#### Records to process ####

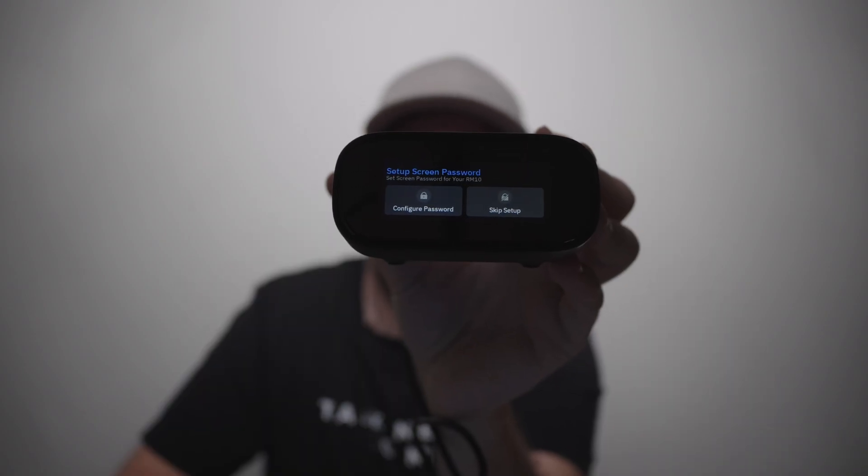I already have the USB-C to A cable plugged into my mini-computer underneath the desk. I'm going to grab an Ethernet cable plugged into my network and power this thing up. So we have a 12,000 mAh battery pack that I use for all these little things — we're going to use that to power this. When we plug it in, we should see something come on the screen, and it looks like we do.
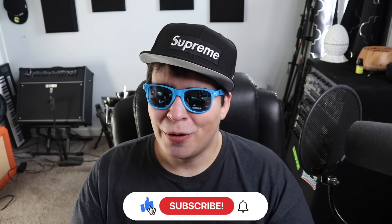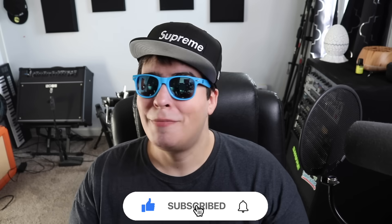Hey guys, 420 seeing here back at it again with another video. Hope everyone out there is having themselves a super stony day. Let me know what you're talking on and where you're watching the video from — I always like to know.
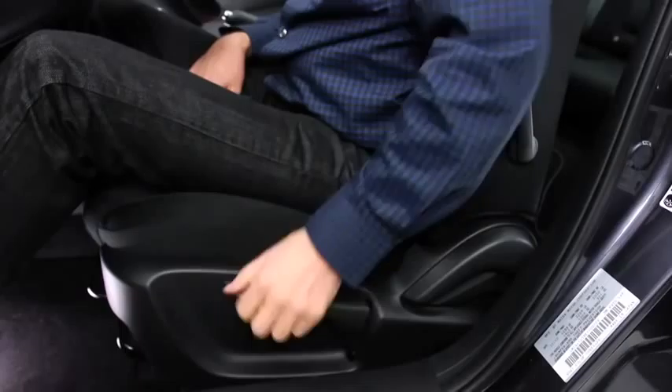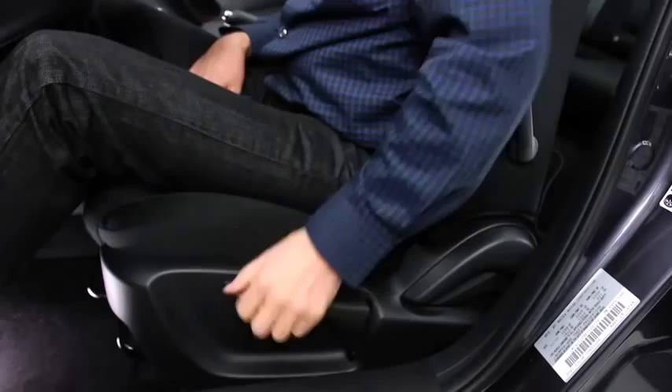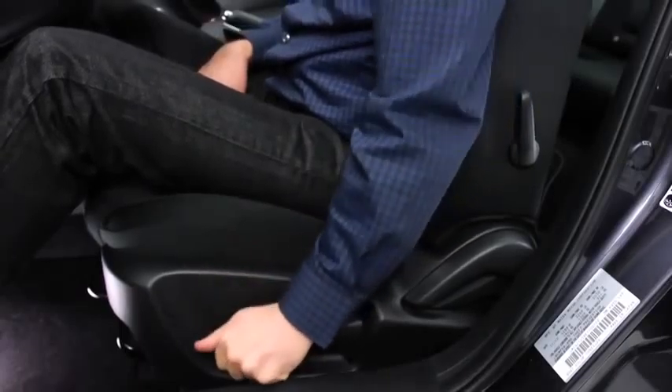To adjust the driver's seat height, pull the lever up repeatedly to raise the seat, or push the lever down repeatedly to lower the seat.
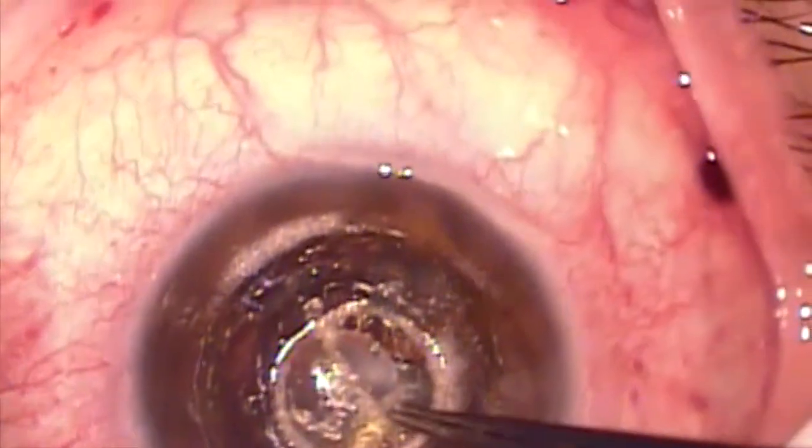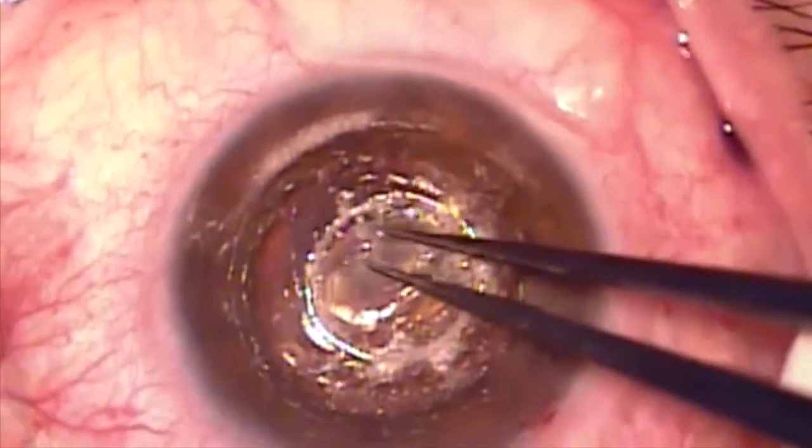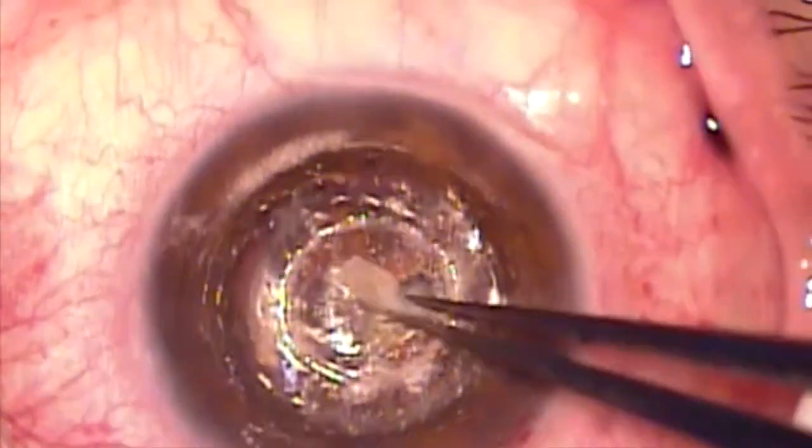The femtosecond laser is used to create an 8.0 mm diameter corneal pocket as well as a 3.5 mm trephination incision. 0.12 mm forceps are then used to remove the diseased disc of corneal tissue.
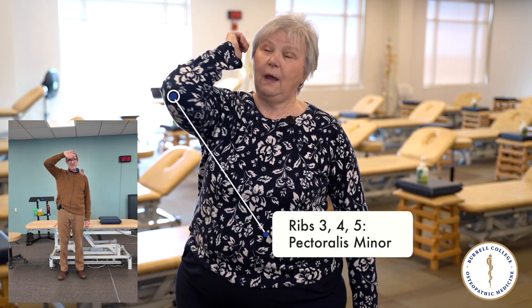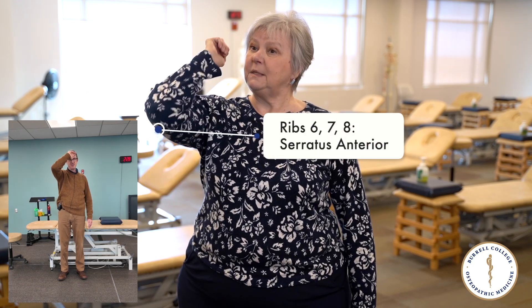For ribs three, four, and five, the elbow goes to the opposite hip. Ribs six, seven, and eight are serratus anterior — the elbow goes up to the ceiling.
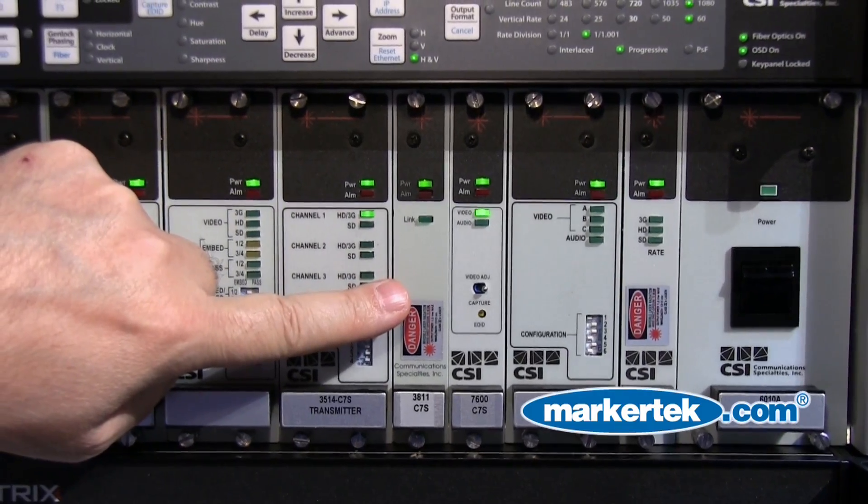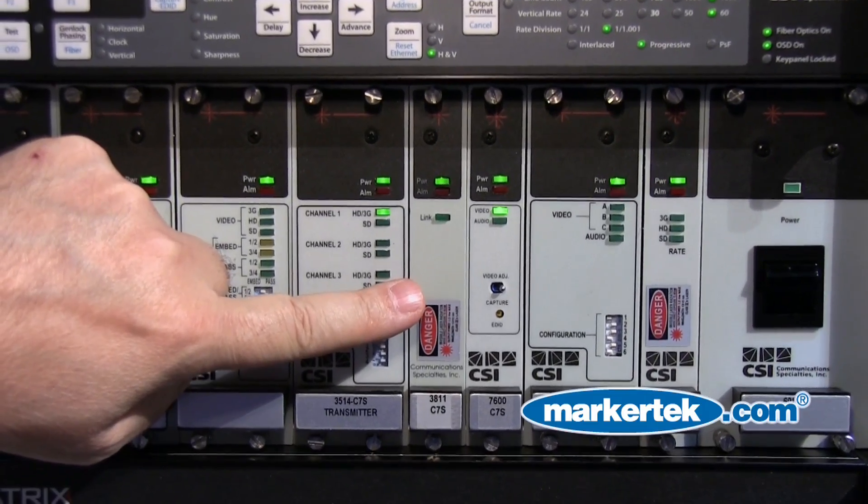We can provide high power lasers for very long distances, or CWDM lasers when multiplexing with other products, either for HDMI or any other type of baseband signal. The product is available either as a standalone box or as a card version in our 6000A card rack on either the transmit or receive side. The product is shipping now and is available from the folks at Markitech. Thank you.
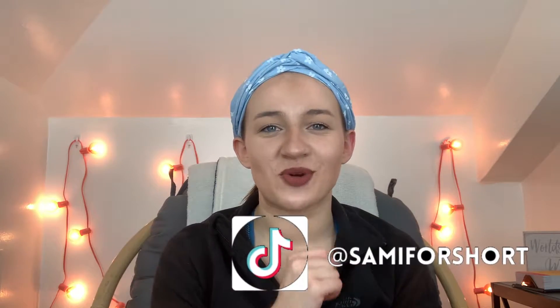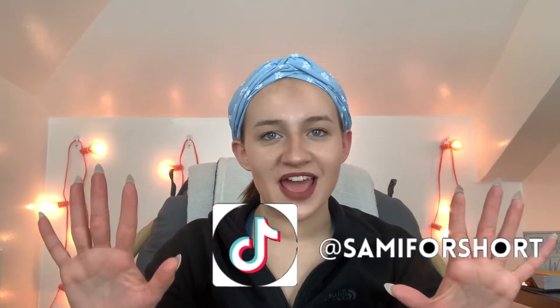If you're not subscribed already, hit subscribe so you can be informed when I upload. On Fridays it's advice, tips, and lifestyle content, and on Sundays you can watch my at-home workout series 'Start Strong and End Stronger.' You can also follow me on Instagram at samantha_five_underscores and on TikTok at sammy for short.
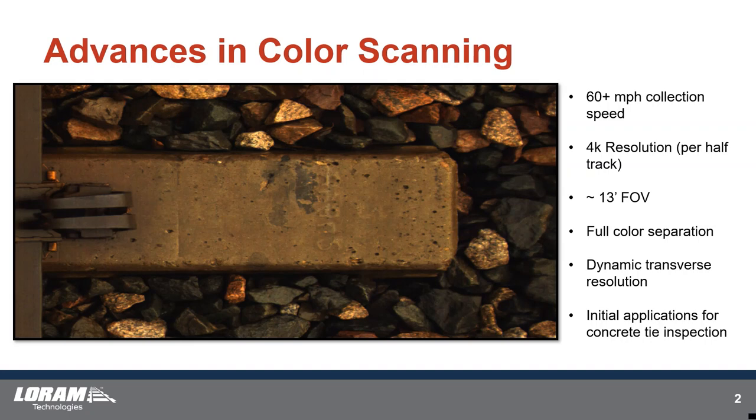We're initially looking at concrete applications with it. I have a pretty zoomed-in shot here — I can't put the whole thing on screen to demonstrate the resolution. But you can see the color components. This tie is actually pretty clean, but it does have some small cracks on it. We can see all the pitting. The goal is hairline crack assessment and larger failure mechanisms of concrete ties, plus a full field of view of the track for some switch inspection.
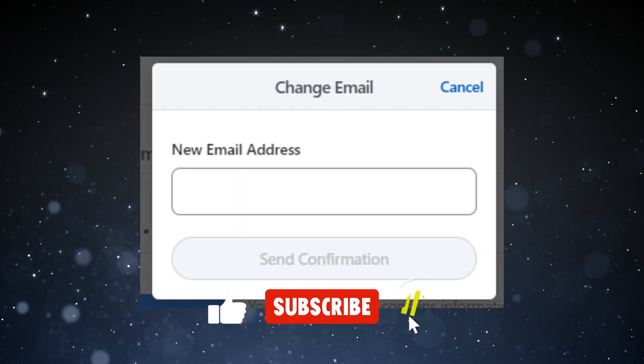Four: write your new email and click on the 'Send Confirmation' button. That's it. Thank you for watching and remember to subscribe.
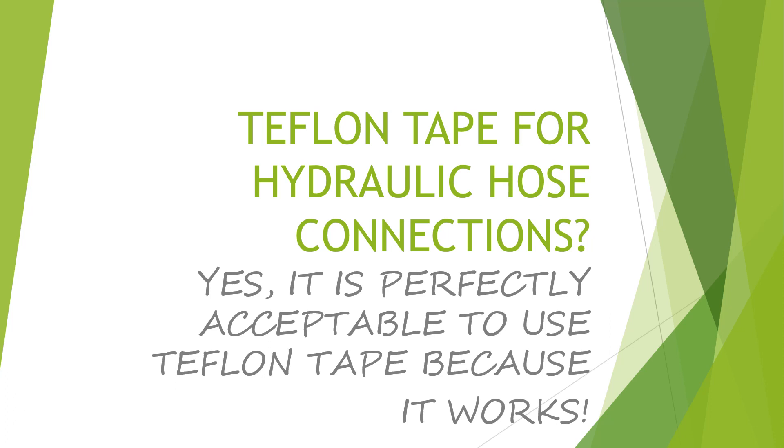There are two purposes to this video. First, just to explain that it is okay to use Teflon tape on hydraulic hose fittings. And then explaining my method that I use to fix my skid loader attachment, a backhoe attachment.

####

- **About this exercise**: Transcribe the listing above in full and exactly; no pictures belong in the copy.

- **Your response**:
I already have the USB-C to A cable plugged into my mini-computer underneath the desk. I'm going to grab an Ethernet cable plugged into my network and power this thing up. So we have a 12,000 mAh battery pack that I use for all these little things — we're going to use that to power this. When we plug it in, we should see something come on the screen, and it looks like we do.
Hey guys, 420 seeing here back at it again with another video. Hope everyone out there is having themselves a super stony day. Let me know what you're talking on and where you're watching the video from — I always like to know.
To adjust the driver's seat height, pull the lever up repeatedly to raise the seat, or push the lever down repeatedly to lower the seat.
The femtosecond laser is used to create an 8.0 mm diameter corneal pocket as well as a 3.5 mm trephination incision. 0.12 mm forceps are then used to remove the diseased disc of corneal tissue.
For ribs three, four, and five, the elbow goes to the opposite hip. Ribs six, seven, and eight are serratus anterior — the elbow goes up to the ceiling.
We can provide high power lasers for very long distances, or CWDM lasers when multiplexing with other products, either for HDMI or any other type of baseband signal. The product is available either as a standalone box or as a card version in our 6000A card rack on either the transmit or receive side. The product is shipping now and is available from the folks at Markitech. Thank you.
If you're not subscribed already, hit subscribe so you can be informed when I upload. On Fridays it's advice, tips, and lifestyle content, and on Sundays you can watch my at-home workout series 'Start Strong and End Stronger.' You can also follow me on Instagram at samantha_five_underscores and on TikTok at sammy for short.
We're initially looking at concrete applications with it. I have a pretty zoomed-in shot here — I can't put the whole thing on screen to demonstrate the resolution. But you can see the color components. This tie is actually pretty clean, but it does have some small cracks on it. We can see all the pitting. The goal is hairline crack assessment and larger failure mechanisms of concrete ties, plus a full field of view of the track for some switch inspection.
Four: write your new email and click on the 'Send Confirmation' button. That's it. Thank you for watching and remember to subscribe.
There are two purposes to this video. First, just to explain that it is okay to use Teflon tape on hydraulic hose fittings. And then explaining my method that I use to fix my skid loader attachment, a backhoe attachment.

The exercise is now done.